Your Mine Now, U-Boat
U-505 Under Tow By The USS Guadalcanal
- Scale:
- 1:350
- Status:
- Ideas
- Started:
- October 15, 2018
After voyage repairs at Norfolk, Guadalcanal and her escorts departed Hampton Roads for sea again on 15 May 1944. Two weeks of cruising brought no contacts, and Gallery decided to head the Task Group for the coast of Africa to refuel. However, on 4 June 1944, ten minutes after reversing course 150 miles West of Cape Blanco in French West Africa, Chatelain detected U-505 as it was returning to its base in after an 80-day patrol in the Gulf of Guinea. The destroyer loosed one depth charge attack; then made a second, more accurate drop, guided in by circling aircraft from Guadalcanal. This pattern blew relief valves all over the U-boat, cracked pipes in her engine room, and rolled her on her beam ends. Shouts of panic from the engine room led Oberleutnant Harald Lange, making his first patrol as her captain, to believe his boat was mortally wounded. To save his crew, he blew his tanks and surfaced, coming up barely 700 yards from Chatelain. The destroyer fired a torpedo, which missed, and the surfaced submarine then came under the combined fire of the escorts and aircraft as her crew abandoned ship.

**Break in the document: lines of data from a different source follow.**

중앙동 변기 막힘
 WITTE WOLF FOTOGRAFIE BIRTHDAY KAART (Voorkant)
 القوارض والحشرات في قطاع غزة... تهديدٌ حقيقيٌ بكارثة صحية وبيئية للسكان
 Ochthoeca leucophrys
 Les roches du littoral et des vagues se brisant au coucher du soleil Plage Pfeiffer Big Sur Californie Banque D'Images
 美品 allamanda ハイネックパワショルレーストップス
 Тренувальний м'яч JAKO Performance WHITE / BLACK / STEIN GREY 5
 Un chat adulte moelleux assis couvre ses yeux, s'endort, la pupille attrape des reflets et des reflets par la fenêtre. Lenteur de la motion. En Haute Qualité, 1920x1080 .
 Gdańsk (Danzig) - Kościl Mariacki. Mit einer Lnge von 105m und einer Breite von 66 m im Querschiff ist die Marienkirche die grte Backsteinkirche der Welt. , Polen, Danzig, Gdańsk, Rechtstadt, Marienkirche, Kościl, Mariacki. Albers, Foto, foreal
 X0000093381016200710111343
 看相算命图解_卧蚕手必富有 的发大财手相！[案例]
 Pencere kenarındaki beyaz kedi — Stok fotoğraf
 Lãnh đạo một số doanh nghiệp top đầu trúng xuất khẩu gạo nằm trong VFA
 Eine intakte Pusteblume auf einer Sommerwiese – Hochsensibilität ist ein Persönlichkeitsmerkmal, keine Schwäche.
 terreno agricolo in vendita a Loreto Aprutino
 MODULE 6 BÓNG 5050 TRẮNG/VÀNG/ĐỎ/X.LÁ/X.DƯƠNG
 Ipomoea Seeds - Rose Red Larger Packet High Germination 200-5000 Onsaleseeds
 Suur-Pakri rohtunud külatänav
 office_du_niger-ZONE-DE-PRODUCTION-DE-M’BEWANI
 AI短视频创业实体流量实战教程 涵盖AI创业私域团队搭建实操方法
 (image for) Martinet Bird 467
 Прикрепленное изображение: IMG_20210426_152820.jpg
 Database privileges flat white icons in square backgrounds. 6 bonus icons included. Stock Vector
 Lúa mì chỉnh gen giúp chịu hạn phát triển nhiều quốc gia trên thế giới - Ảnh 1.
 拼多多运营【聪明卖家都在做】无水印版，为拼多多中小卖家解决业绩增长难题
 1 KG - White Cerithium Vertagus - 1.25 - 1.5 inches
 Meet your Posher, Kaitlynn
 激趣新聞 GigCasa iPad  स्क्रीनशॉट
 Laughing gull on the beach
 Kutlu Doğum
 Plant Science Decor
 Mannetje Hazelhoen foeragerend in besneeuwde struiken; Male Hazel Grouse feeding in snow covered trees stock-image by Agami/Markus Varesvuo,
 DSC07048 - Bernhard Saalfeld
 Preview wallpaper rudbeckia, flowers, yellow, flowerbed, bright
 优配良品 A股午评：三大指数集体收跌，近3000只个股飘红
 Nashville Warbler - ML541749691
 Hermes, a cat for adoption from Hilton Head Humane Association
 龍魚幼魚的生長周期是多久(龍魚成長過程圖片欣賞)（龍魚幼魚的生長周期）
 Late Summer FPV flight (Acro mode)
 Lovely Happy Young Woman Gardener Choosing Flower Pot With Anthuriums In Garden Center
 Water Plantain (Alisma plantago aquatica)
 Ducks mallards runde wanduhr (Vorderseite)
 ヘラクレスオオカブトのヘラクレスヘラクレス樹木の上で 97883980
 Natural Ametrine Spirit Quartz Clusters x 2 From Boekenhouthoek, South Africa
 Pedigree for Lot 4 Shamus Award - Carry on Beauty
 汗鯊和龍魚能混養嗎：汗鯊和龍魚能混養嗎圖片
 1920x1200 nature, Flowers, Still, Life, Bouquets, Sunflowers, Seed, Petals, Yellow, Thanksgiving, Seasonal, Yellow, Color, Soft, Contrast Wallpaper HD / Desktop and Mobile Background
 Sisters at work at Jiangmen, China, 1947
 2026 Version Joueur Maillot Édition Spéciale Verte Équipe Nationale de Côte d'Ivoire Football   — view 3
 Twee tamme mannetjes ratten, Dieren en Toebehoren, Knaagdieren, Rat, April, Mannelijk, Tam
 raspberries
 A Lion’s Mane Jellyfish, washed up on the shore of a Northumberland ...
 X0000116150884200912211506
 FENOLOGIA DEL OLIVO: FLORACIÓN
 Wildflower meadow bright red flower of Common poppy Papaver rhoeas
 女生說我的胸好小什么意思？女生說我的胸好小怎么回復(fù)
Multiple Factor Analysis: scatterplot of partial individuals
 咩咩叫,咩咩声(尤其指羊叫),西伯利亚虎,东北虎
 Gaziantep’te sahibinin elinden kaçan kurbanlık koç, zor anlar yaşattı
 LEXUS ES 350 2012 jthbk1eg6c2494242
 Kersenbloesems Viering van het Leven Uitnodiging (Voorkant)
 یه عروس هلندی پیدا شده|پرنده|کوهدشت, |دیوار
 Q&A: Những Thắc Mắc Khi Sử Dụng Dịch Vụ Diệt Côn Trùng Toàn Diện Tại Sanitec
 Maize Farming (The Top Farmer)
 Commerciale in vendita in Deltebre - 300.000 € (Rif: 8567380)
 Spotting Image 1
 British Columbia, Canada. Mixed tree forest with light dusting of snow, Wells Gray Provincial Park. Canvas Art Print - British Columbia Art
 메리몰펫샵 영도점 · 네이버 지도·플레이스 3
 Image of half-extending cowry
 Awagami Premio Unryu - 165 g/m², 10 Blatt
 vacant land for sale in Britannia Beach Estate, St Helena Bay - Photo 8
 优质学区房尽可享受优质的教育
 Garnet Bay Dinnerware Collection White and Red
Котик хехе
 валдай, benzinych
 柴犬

Captain Gallery had been waiting and planning for such an opportunity, and had trained and equipped boarding parties. He ordered Pillsbury to send a boat with a boarding party to the U-boat. Under the command of Lieutenant, junior grade Albert David, the party leaped onto the slowly circling submarine and found her abandoned. Lt. David and his men quickly seized all important papers, code books, and the boat's Enigma machine while closing valves and stopping leaks. As Pillsbury attempted to get a tow-line on her the party managed to stop her engines. A larger salvage party from Guadalcanal arrived, led by Commander Earl Trosino, Guadalcanal's Chief Engineer, and prepared U-505 for towing. After securing the tow-line and picking up the German survivors from the sea, Guadalcanal started for Bermuda with her priceless prize in tow. The fleet tug USS Abnaki rendezvoused with the task group and took over towing duties. The group arrived in Bermuda on 19 June after a 2,500-mile tow. Trosino, a chief engineer in the civilian Merchant Marine before the war, had figured out the U-boat's engines, and wanted to bring her into port under her own power. Gallery refused permission; he later apologized to Trosino for doubting his skill.
U-505 was the first enemy warship captured on the high seas by the U.S. Navy since 1815. For their daring and skillful teamwork in this remarkable capture, Guadalcanal and her escorts shared in a Presidential Unit Citation. Lieutenant David received the Medal of Honor for leading the boarding party, and Captain Gallery received the Legion of Merit for conceiving the operation that led to U-505's capture. The captured submarine proved to be of inestimable value to American intelligence. For the remainder of the war she was operated by the U.S. Navy as the USS Nemo to learn the secrets of German U-boats. Her true fate was kept secret until the end of the war. U-505 is now an exhibit at the Museum of Science and Industry in Chicago.